> _Material to process_:
BEGIN

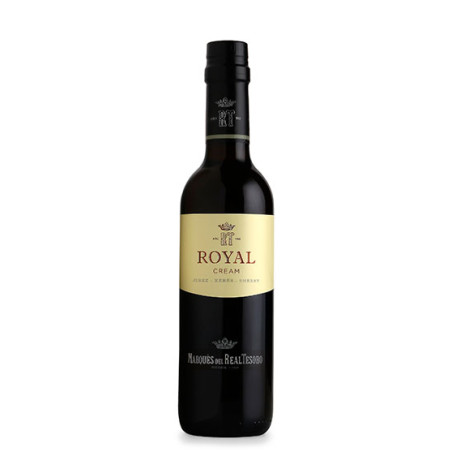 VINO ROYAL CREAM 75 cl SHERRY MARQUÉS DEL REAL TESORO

END
BEGIN

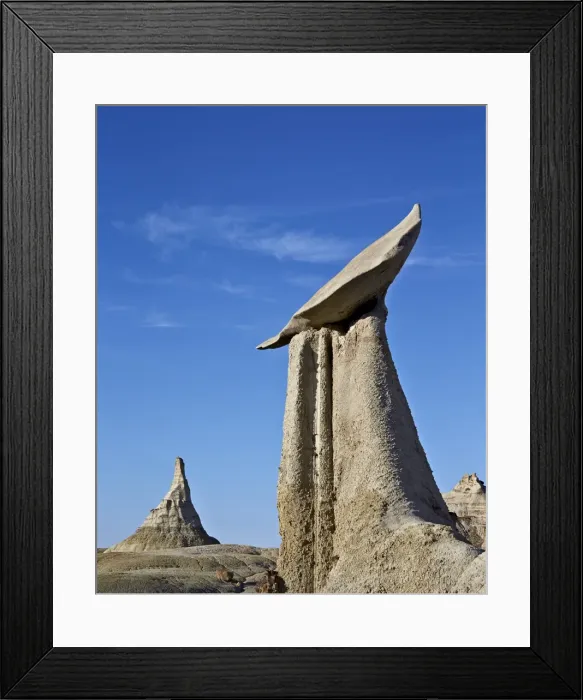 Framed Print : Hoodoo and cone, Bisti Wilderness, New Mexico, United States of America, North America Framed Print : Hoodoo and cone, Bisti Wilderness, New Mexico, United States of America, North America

END
BEGIN

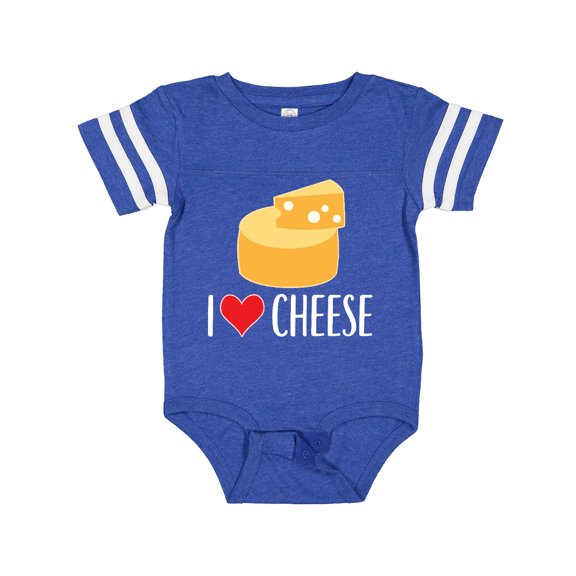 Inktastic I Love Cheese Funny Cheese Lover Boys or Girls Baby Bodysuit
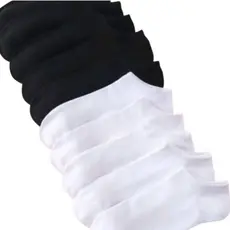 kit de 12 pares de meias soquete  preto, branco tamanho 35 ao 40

END

> _Task to carry out_: Set down word for word the lines above from the one with "Inktastic I Love" up to and including the one with "kit de 12 pares". Omit every picture.

> _Result of the exercise_:
 Inktastic I Love Cheese Funny Cheese Lover Boys or Girls Baby Bodysuit
 kit de 12 pares de meias soquete  preto, branco tamanho 35 ao 40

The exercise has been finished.